2007 GSA Denver Annual Meeting (28–31 October 2007)

Paper No. 8
Presentation Time: 10:05 AM

USING GPS TO HELP UNRAVEL CENOZOIC-RECENT CARIBBEAN-SOUTH AMERICAN AND ADRIA-EURASIA PLATE MOTIONS AND PLATE BOUNDARY ZONE TECTONICS


WEBER, John, Department of Geology, Grand Valley State University, 1 Campus Drive, 125 Padnos, Allendale, MI 49401-9403, weberj@gvsu.edu

Young orogenic belts in actively deforming plate boundary zones typically contain a complex assemblage of structures related to the full history of modern and earlier fossil plate motions that drive the deformation.

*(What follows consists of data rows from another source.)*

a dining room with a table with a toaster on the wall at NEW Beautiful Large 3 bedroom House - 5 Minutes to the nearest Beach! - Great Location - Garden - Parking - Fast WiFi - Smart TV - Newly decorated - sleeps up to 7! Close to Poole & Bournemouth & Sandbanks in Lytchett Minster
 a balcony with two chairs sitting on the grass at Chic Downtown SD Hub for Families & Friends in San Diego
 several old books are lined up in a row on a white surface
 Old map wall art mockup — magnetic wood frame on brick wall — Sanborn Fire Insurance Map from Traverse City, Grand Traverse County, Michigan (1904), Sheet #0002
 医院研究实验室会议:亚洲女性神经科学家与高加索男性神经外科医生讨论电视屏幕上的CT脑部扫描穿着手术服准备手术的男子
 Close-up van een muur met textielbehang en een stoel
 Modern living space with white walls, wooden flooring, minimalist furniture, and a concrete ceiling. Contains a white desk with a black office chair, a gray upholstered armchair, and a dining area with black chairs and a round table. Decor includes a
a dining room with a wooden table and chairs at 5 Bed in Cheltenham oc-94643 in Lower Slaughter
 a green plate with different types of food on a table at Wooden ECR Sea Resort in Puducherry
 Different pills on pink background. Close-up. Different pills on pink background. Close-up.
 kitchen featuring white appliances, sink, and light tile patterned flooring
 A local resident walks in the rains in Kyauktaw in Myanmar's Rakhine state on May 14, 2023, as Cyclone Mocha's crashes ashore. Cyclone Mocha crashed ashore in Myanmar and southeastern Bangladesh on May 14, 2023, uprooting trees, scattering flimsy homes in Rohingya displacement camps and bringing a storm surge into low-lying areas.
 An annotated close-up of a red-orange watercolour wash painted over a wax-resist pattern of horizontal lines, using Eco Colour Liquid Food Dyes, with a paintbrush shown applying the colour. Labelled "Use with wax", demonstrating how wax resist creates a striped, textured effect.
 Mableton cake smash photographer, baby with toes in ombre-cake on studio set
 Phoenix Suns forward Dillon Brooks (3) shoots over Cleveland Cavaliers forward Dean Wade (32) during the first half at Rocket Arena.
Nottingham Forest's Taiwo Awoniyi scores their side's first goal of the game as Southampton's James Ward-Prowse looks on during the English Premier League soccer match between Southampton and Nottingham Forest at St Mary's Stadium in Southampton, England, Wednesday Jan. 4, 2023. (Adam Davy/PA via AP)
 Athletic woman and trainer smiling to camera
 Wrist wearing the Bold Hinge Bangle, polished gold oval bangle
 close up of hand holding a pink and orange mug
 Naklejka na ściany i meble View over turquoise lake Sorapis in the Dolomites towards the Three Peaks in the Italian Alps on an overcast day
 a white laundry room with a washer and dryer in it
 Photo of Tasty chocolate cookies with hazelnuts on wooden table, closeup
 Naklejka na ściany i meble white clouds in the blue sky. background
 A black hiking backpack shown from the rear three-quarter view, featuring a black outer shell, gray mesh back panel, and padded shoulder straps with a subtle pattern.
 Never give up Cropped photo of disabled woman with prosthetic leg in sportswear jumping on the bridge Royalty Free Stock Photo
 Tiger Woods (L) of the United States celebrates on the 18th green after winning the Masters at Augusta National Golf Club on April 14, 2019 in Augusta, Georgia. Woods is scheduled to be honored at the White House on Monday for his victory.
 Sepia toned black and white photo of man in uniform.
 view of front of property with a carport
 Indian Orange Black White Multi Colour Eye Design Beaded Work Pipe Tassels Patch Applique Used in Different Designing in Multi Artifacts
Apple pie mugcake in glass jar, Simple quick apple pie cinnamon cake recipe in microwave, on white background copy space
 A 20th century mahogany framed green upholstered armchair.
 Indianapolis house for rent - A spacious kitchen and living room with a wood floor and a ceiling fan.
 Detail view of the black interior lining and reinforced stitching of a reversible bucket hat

We are using high-precision (geodetic) GPS (the Global Positioning System) to accurately quantify modern far-field plate and microplate motions, and near-field motions across active structures, in the Caribbean-South American (Trinidad/Tobago and Venezuela) wrench zone, and on and around the Adria microplate (Slovenia, Croatia, Italy) in the Eurasia-Nubia (Africa) collision zone. In both regions, GPS-determined plate and microplate motions has led to a better and more accurate understanding of the geology and tectonics, and helped to demonstrate that both of these plate boundaries have undergone geologically recently and significant plate kinematic changes.

GPS data show that near Trinidad and Venezuela the Caribbean plate currently moves ~eastward at ~20 mm/yr (SAωCA=57.6°N, 69.3°W, 0.233°/m.y.). Fossil Cenozoic foreland fold-thrust belt structures are overprinted by active right-stepping transforms that are connected by well-developed pull-apart basins (Gulf of Paria, Gulf of Cariaco). Trinidad contains a major transpressive restraining transform segment, the Central Range Fault, that is oblique (N75°E) to plate motion, currently aseismic, and probably elastically locked. Geology indicates that Caribbean-South American relative plate motion probably changed from oblique collision to transform at about 10Ma.

GPS data show that lithosphere in the northern Adriatic now moves as an independent, rigid microplate (Adria), currently rotating slowly ccw relative to Eurasia about a pole (pivot point) in northern Italy (EUωAD=46.2°N, 11.5°E, 0.680°/m.y.). Rates of motion and seismic moment release are lowest near the pole (e.g., Slovenia, northern Italy) and increase systematically southward away from it (Croatia, central Italy). Earlier in the Cenozoic, Adriatic lithosphere was subducting as an African (Nubian) promontory that was largely swallowed up beneath the Alps, Apennines, and Dinarides. The Adriatic microplate was probably torn off of Africa via slab break-off beneath the Apennines and born within just the past ~1 m.y.